Remote Attestation

(liamcvw.com)

23 points | by lcvw 2 hours ago ago

11 comments

  • nondescript2887 an hour ago

    >But what about attacks after boot? That’s your EDR’s problem. Trusted boot provides the bedrock to build a bunch of other primitives on top of. Including cryptographic proof your EDR is installed and running (at boot), immutable filesystems (verified at boot), signed upgrades, confidential computing, etc. Without it you can’t trust your hosts themselves and can’t make further security guarantees. Houses built on sand and all that.

    Good take - remote attestation doesn't solve all problems on its own but it is a very powerful tool in the platform security toolbox (and very cool "to boot" :P)

  • imglorp an hour ago

    We use SPIFFE/SPIRE at work. It works well for our use case, remote embedded workflows that need to phone home. It's very exacting: everything must be exactly right for the attestation to succeed. So it takes extra effort when you commit to that path.

  • zb3 an hour ago

    It would be a nice addition if big tech didn't abuse this to shove user-hostile software into devices which the user has paid for (like smartphones).. thanks to this attitude, whenever I see "remote attestation" I associate this with "hostile"..

    > Using a TPM, we can remotely, cryptographically prove a couple of things:

    Unless there are exploits..

    • lcvw an hour ago

      I mean, all tech can be used in different ways. My experience has been much more on the preventing root kits side, rather then vendor lock in.

      Yes, there can be exploits, but hardware exploits over a restricted interface (TPM2) are significantly rarer then normal software vulns. Everything is about risk mitigation, there is no perfect security.

      • GreenVulpine 44 minutes ago

        Make no mistake. Shoving user-hostile malware down people's throats is the primary use case for this in the consumer space. Bootloader malware is very esoteric right now. Enterprise might have valid use cases beyond screwing people but none of them make sense for a consumer device.

        • mjg59 35 minutes ago

          You say that, and also remote attestation is how Signal knows it's talking to a legitimate SGX enclave running the expected payload

          • lcvw 33 minutes ago

            I definitely want to do a post on confidential computing as well. Super cool stuff.

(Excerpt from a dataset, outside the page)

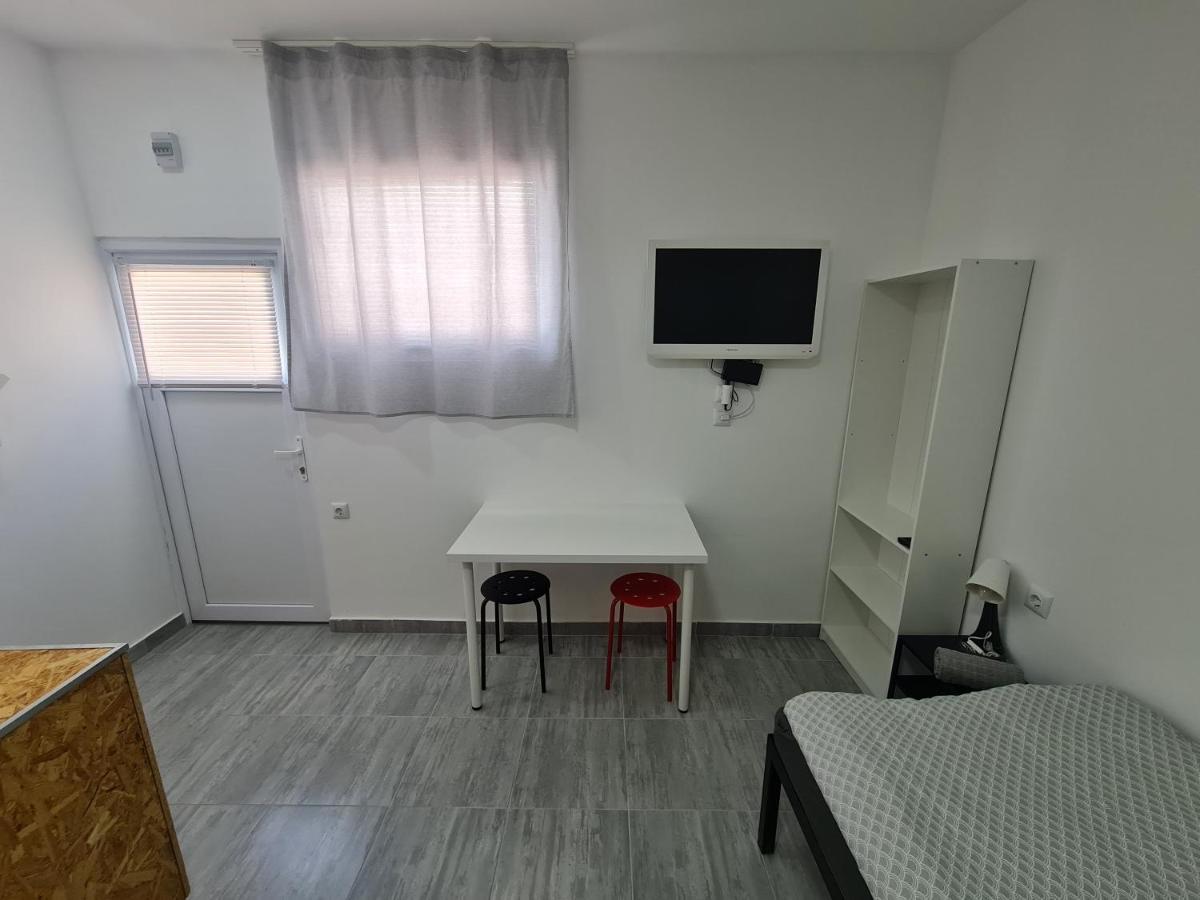 Budget Apartment LeLo Center1 Osijek Buitenkant foto
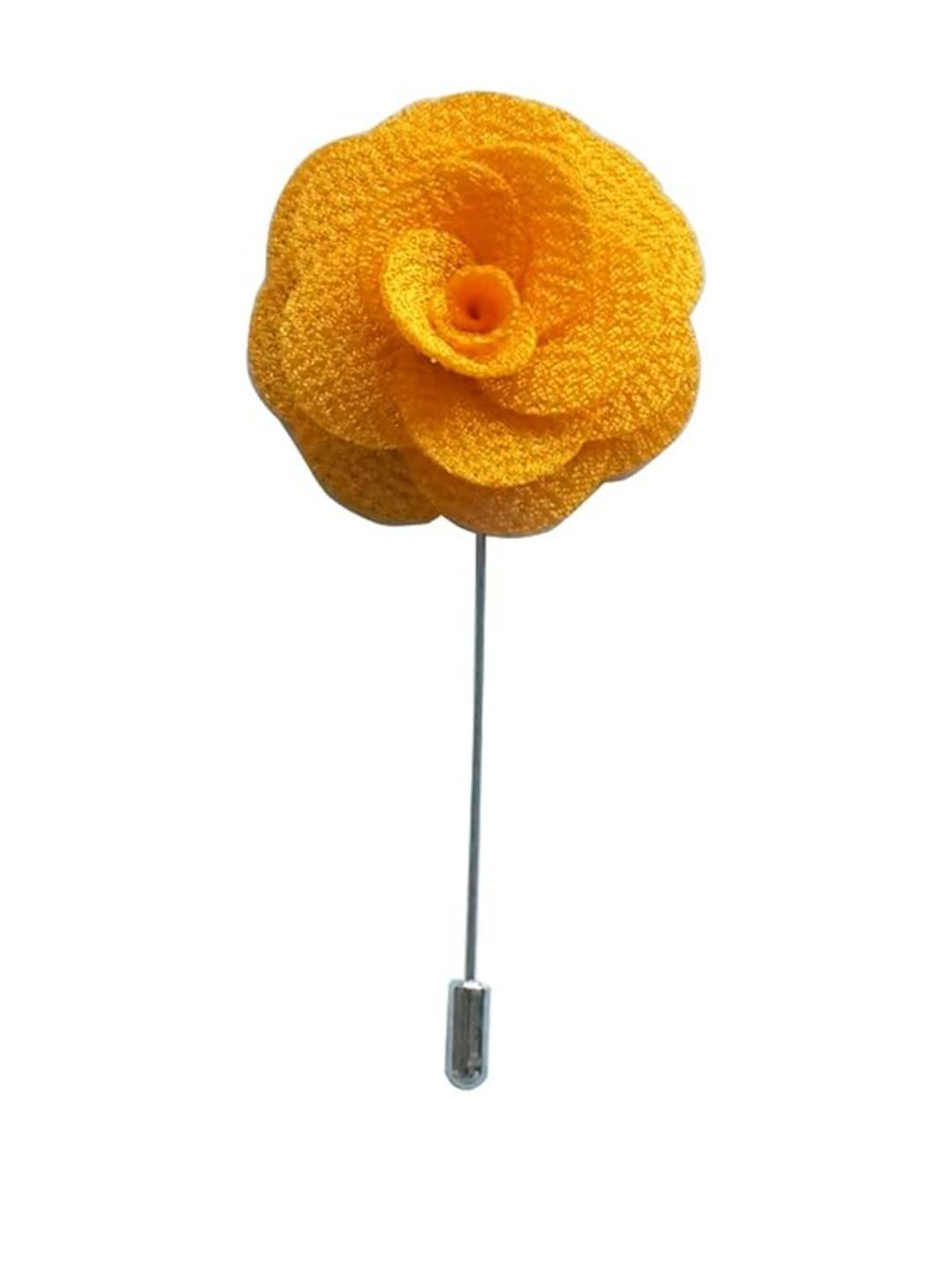 VOICI Floral Lapel Pin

            • throwaway7679 6 minutes ago

              Maybe you could do a post on... remote attestation.

              That is, the thing that people are actually talking about when they use that term: The means for companies and governments to usurp the ownership of consumer devices.

        • lcvw 35 minutes ago

          I think consumer devices should have opt-outs for sure. But personally I am much more comfortable with myself and my family having fully locked down apple phones then anything else on the market right now, precisely because of how difficult it is to get persistent malware into that ecosystem.

          • zb3 a few seconds ago

            Out of curiosity, do you like ads? I assume you don't.. so how would you react if Apple followed Google and prohibited ad blocking apps + removed that capability from web browsers?

            I'd not be able to put up with that, but more importantly, I'd not want to be in the position where I can't even protest anything because there's no alternative to switch to..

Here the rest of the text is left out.